FBI nabs 5 in alleged plot to blow up Ohio bridge
Last Updated 11:47 a.m. ET
(CBS News) Five men have been arrested after a months-long sting operation, charged with plotting to blow up a bridge in the Cleveland area, the FBI announced Tuesday.
CBS News senior correspondent John Miller reports the group had been involved in a series of escalating plots that ended with their arrest last night by FBI agents.
The sting operation supplied men, some of whom were alleged to be anarchists, with what they thought were explosives and bomb-making materials.
At no time during the case was the public in danger, the FBI said.
Douglas L. Wright, 26; Brandon L. Baxter, 20; and Anthony Hayne, 35, were arrested by members of the FBI's Joint Terrorism Task Force Monday night on charges of conspiracy and attempted use of explosive materials to damage physical property affecting interstate commerce.

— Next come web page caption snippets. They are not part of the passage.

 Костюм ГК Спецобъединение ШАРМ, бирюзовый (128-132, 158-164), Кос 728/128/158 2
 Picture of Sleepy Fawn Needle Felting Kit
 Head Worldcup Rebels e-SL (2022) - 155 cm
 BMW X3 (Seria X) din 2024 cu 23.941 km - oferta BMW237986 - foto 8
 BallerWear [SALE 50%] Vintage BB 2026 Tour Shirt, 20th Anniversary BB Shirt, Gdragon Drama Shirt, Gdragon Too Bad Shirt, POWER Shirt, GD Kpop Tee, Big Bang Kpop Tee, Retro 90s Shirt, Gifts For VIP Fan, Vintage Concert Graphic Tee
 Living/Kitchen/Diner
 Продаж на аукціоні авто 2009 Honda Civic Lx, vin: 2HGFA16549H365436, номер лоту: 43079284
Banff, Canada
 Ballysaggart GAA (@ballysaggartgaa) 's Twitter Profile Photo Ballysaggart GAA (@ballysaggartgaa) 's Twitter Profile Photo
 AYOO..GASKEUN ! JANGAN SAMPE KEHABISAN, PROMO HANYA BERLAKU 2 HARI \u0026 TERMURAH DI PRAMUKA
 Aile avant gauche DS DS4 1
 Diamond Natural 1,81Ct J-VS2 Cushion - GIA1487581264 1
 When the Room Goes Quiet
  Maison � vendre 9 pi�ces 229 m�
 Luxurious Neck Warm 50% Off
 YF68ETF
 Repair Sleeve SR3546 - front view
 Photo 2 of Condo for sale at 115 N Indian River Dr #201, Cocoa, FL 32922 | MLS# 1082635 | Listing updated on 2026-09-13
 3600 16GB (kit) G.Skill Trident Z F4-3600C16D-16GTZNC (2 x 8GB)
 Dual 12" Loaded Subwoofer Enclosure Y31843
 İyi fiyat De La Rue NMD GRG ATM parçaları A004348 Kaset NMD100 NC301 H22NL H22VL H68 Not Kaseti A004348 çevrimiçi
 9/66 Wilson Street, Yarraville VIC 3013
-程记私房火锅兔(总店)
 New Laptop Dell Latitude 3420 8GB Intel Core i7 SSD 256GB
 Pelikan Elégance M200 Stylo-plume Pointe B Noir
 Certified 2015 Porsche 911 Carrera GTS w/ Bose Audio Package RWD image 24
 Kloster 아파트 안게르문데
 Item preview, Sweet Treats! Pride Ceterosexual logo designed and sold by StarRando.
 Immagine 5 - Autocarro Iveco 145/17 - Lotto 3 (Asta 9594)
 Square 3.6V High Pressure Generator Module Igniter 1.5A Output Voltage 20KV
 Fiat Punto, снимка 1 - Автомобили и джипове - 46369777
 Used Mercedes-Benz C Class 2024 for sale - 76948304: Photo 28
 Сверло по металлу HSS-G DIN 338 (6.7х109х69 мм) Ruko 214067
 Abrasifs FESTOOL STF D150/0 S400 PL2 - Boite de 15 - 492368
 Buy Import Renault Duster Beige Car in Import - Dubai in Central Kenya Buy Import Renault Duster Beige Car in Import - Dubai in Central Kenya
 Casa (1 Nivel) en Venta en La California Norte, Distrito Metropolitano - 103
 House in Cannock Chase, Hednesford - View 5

Also arrested were Connor C. Stevens, 20, and Joshua S. Stafford, 23.
The criminal complaint was filed this morning in U.S. District Court in Cleveland.
According to law enforcement sources, the five were not connected to international terrorism.
"The initial plot involved the use of smoke grenades to distract law enforcement in order for the co-conspirators to topple financial institution signs atop high rise buildings in downtown Cleveland," the complaint reads.
The FBI says over the course of several months the accused discussed various targets in and around the Cleveland metropolitan area, with the Route 82 Brecksville-Northfield High Level Bridge being selected as the target. The bridge crosses over Cuyahoga Valley National Park from Brecksville to Sagamore Hills.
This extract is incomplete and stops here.